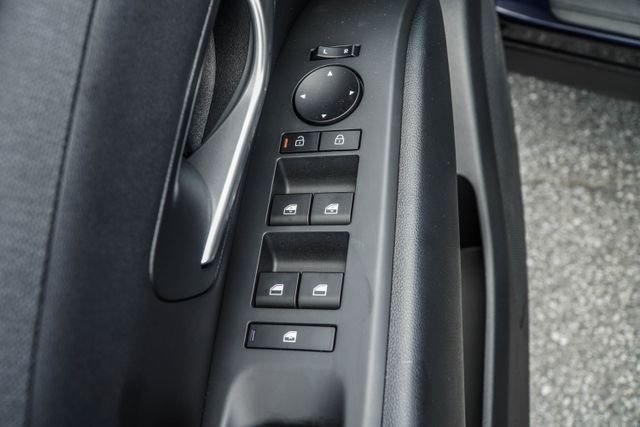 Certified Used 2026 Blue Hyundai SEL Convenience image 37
***
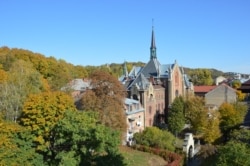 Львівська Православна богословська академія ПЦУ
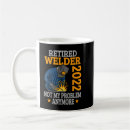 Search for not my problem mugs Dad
***
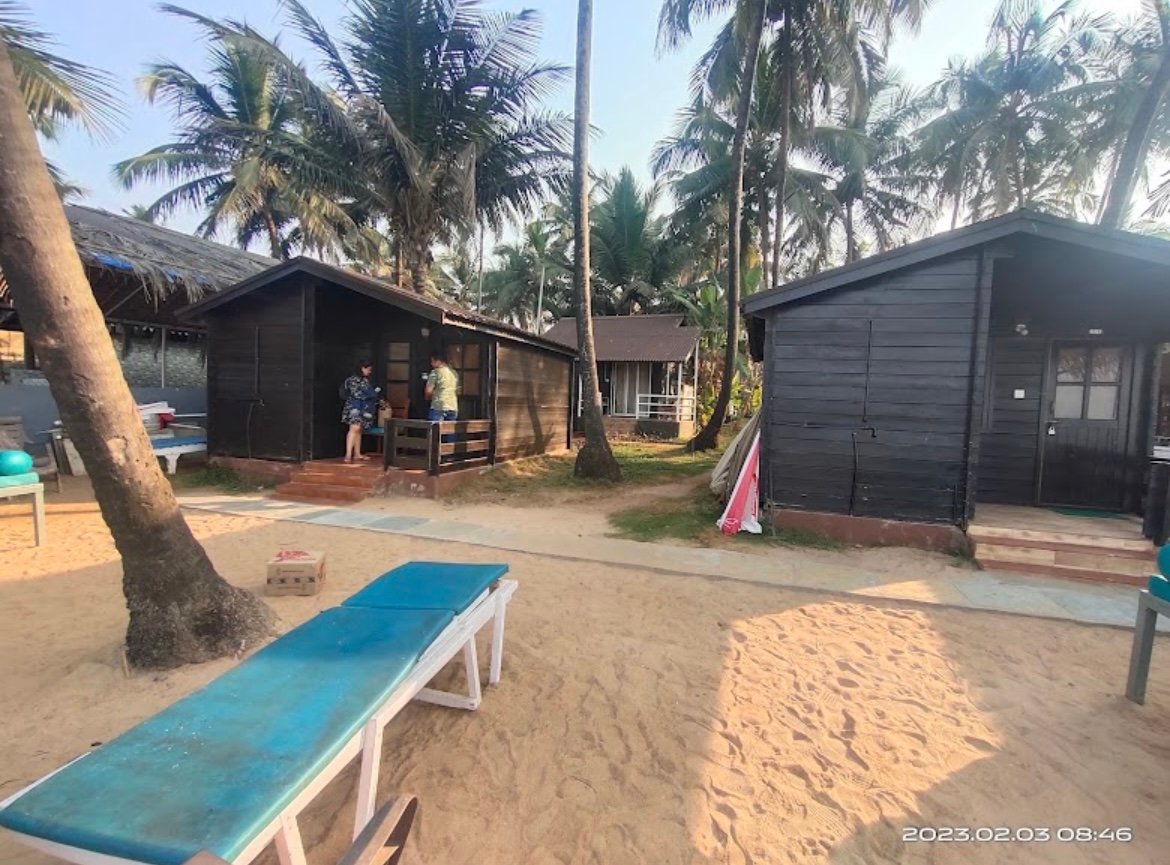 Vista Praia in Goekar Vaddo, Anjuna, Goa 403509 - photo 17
***
* [PROBLEM] In the listing above, find the line holding "Львівська Православна богословська" and the line holding "Search for not my problem mugs Dad". Reproduce those two lines and all between them exactly, leaving out pictures.

* [FINISHED EXERCISE]
 Львівська Православна богословська академія ПЦУ
 Search for not my problem mugs Dad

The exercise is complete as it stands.